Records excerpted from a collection

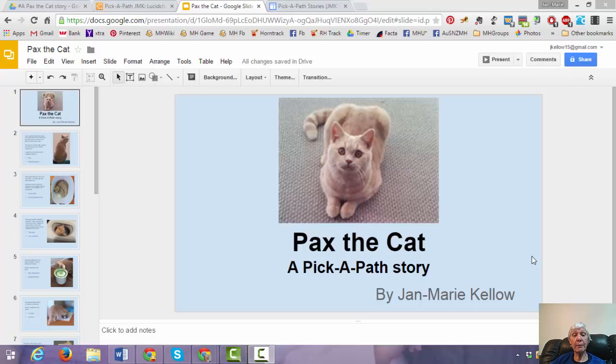Hi, my name is Jan Marie Kello and today I'm going to show you how to make a Pick a Path story using Google Slides.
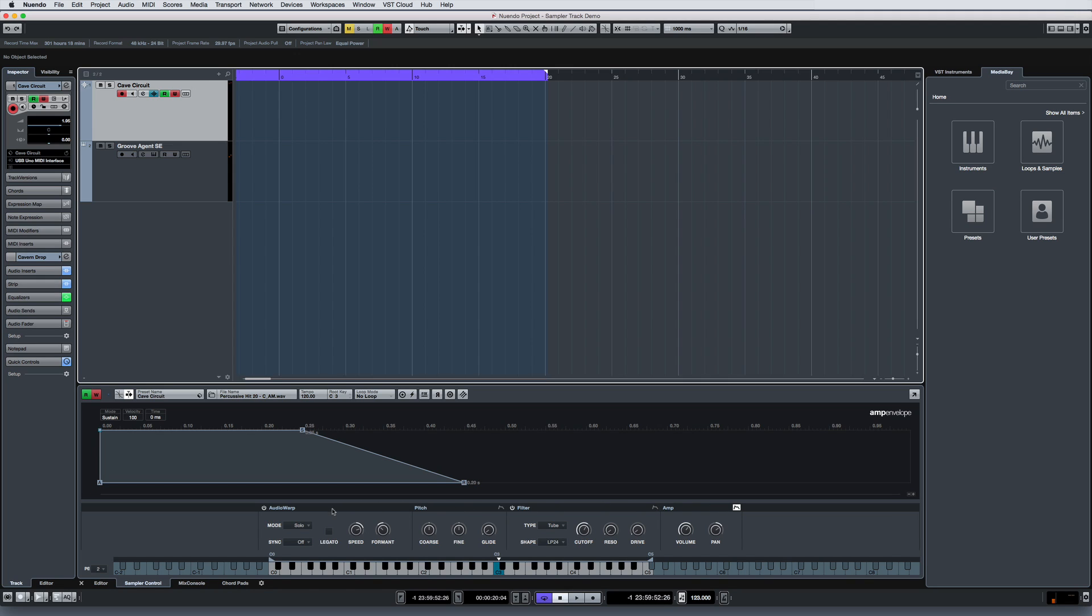The Audio Warp module has two different modes, solo and musical, and the ability to sync to the project tempo. You can adjust the speed of the sample playback, and in solo mode, you can even adjust the formant directly.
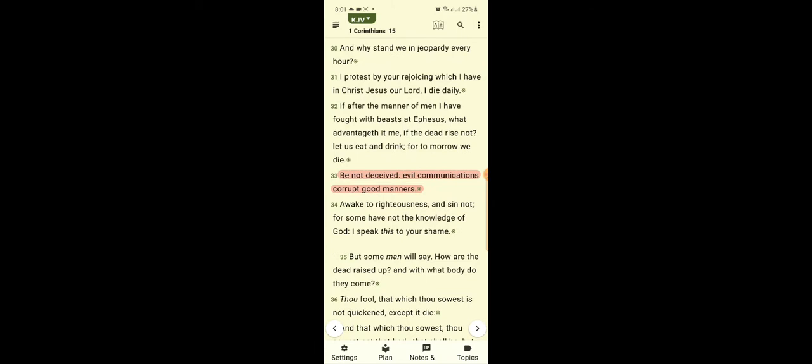This is the book of First Corinthians chapter 15 verse 33. It says be not deceived, evil communications corrupt good manners. That is one of the reasons the apostles will say we have the hundred percent truth. Thank God that he led us to this water, not stagnant water but flowing waters. The elders teach hundred percent of the Bible in its pure form, they don't sugarcoat and they don't cover up anything.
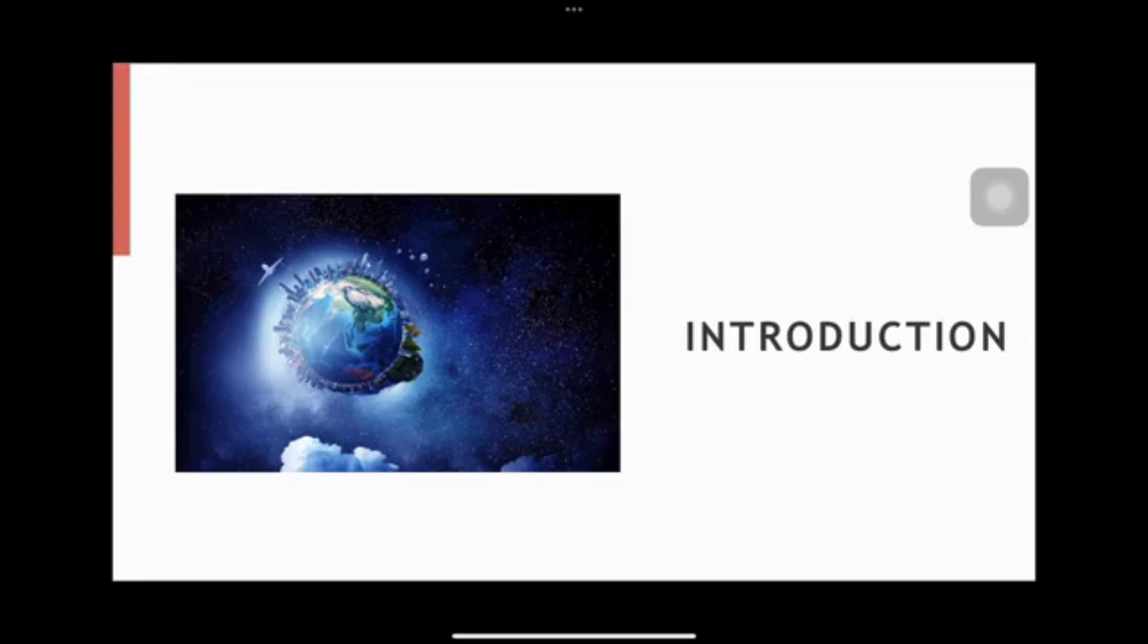The Moon's gravitational pull affects our planet's tides, weather, and rotation. A change in the Moon's size could have far-reaching effects on our planet and the entire solar system.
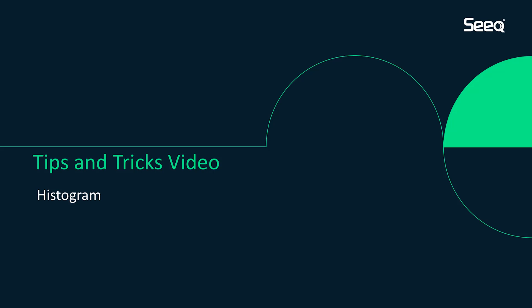Hello everyone, my name is Aisha, Analytics Engineer at Seeq. In this tips and tricks video, I'm going to share about histogram.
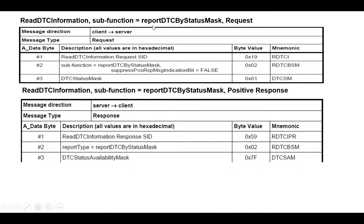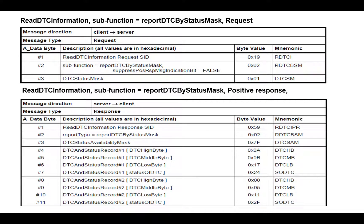Now let's take sub-function 0x02 — Report DTC by Status Mask. The request is: 19 02 01, where 0x01 is the test-failed bit set as the status mask. If no DTCs are set, the response is: 59 02 7F. If DTCs are set, the response would include the DTC numbers and their statuses — for example: 59 02 7F 08 9B 17 24 08 05 11 2F, where 0x089B17 is the first DTC with status 0x24, and 0x080511 is the second DTC with status 0x2F.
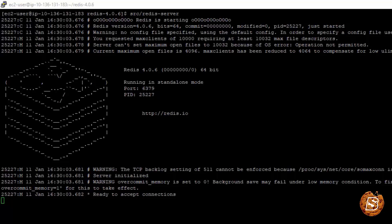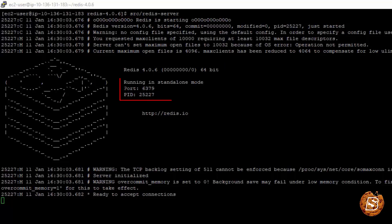Once you ran the make command, after that what you need to do is just type src slash redis server and you can see that it will start the redis server and currently it's running on this port 6379 and the IP address of my instance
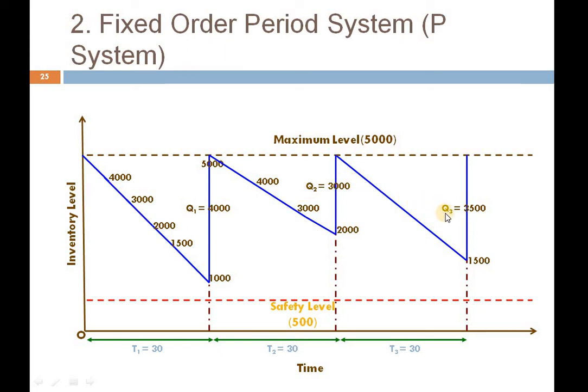T1, T2, T3 are all equal, whereas Q1 is not equal to Q2, which is not equal to Q3. This is the working mechanism of the second model, the fixed order period system. In the next video, we will see EOQ. Thank you everyone.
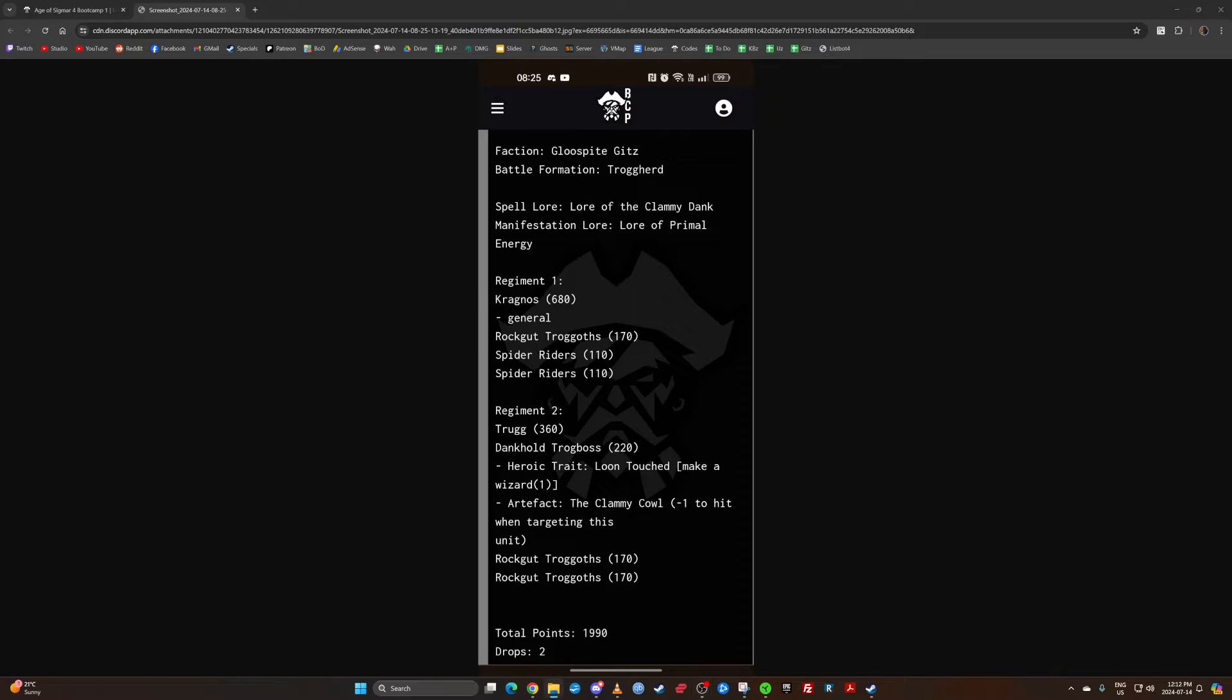The passive area of effect 3d6 countercharge has so much utility in denying tactics and just getting in the way. Countercharge is amazing because you can just get, Kragnos himself isn't doing it but the Rockguts, they're really annoying to kill. They do okay damage and it just incredibly adds to the speed of the army because Trolls aren't the fastest, but when you can 3d6 charge on the enemy turn and then again on your turn, you're getting up the board fairly quickly.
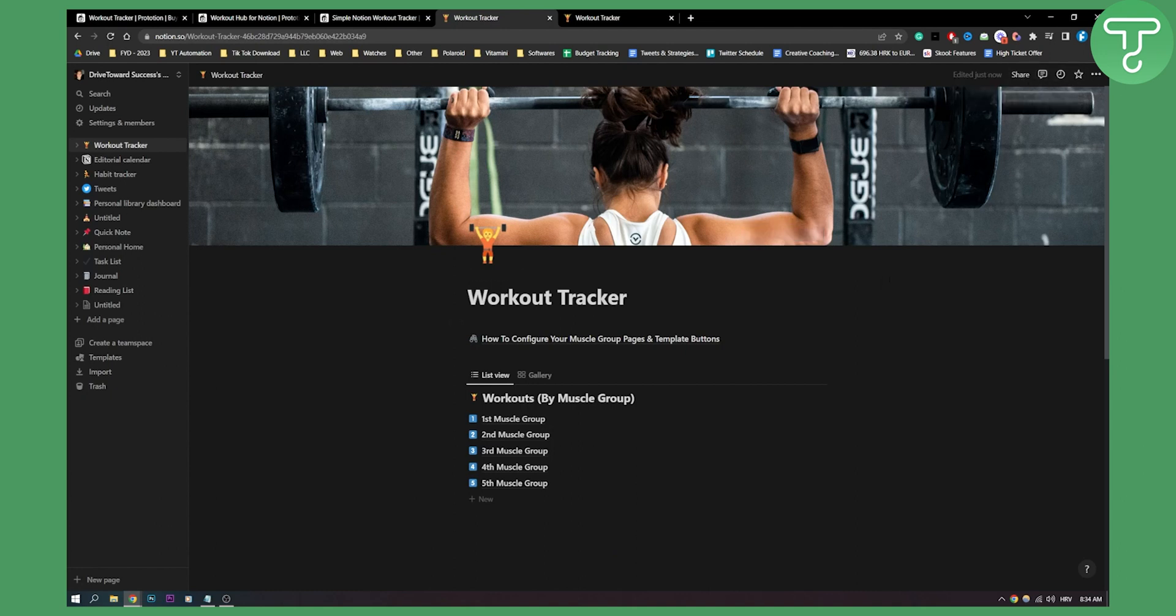Just make sure you're logged in to your Notion and that's it. It's really simple.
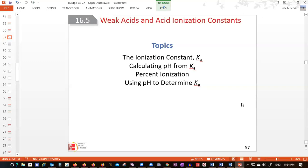I will start with a few questions. The first one is: what is a weak acid? It all depends on what theory you use, because you can use the Arrhenius definition of acids, but that is outdated and we are not interested in the Arrhenius definition.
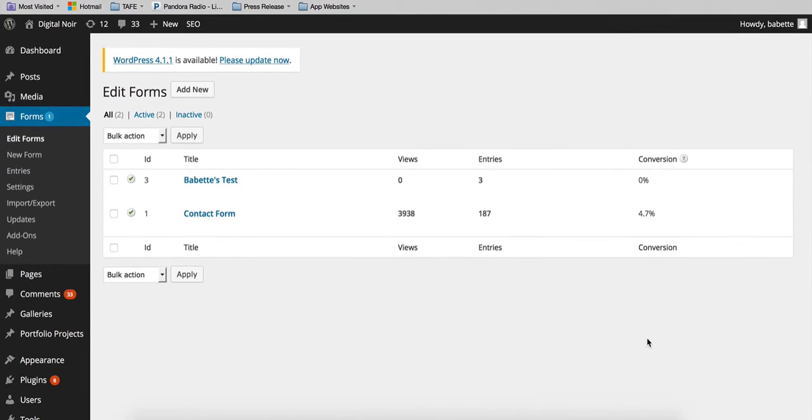Hey, it's Babette from Digital Noir here. I'm just going to go over some information on how to export your entries from your forms.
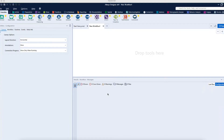Hello everyone, welcome back. Today we'll be discussing XML parsing in Alteryx. We all work with different kinds of data sets coming from different sources — Excel, CSV files, flat files, data coming from different databases like SQL Server, big data, Amazon Redshift, and all that. Sometimes we get data from XML or JSON, so today we'll be discussing data coming from an XML file.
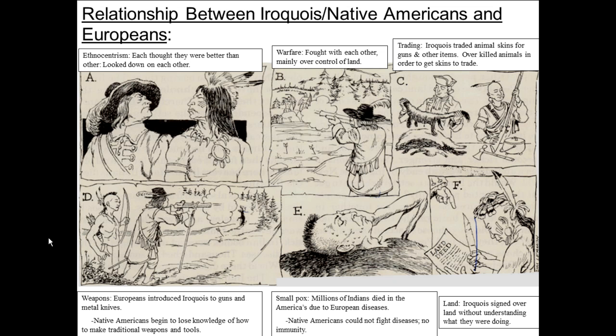Letter E: Europeans brought smallpox and other diseases, and it wiped out millions of Native Americans. Letter F: Europeans introduced the idea of land deeds, where land is owned by one person — you can sell it, but nobody else is allowed on it. Native Americans had no idea what that meant. They would sign these deeds and suddenly they couldn't go on the land they had hunted on for generations. Again, a very large problem that Europeans brought on to Native Americans.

INSTRUCTIONS FOR THE TASK
An exact copy of the lines above, from the first through the line that holds "T1, T2, T3 are", is what is needed; leave the pictures out.

ANSWER TO THIS TASK
Hi, my name is Jan Marie Kello and today I'm going to show you how to make a Pick a Path story using Google Slides.
The Audio Warp module has two different modes, solo and musical, and the ability to sync to the project tempo. You can adjust the speed of the sample playback, and in solo mode, you can even adjust the formant directly.
This is the book of First Corinthians chapter 15 verse 33. It says be not deceived, evil communications corrupt good manners. That is one of the reasons the apostles will say we have the hundred percent truth. Thank God that he led us to this water, not stagnant water but flowing waters. The elders teach hundred percent of the Bible in its pure form, they don't sugarcoat and they don't cover up anything.
The Moon's gravitational pull affects our planet's tides, weather, and rotation. A change in the Moon's size could have far-reaching effects on our planet and the entire solar system.
Hello everyone, my name is Aisha, Analytics Engineer at Seeq. In this tips and tricks video, I'm going to share about histogram.
Now let's take sub-function 0x02 — Report DTC by Status Mask. The request is: 19 02 01, where 0x01 is the test-failed bit set as the status mask. If no DTCs are set, the response is: 59 02 7F. If DTCs are set, the response would include the DTC numbers and their statuses — for example: 59 02 7F 08 9B 17 24 08 05 11 2F, where 0x089B17 is the first DTC with status 0x24, and 0x080511 is the second DTC with status 0x2F.
Once you ran the make command, after that what you need to do is just type src slash redis server and you can see that it will start the redis server and currently it's running on this port 6379 and the IP address of my instance
T1, T2, T3 are all equal, whereas Q1 is not equal to Q2, which is not equal to Q3. This is the working mechanism of the second model, the fixed order period system. In the next video, we will see EOQ. Thank you everyone.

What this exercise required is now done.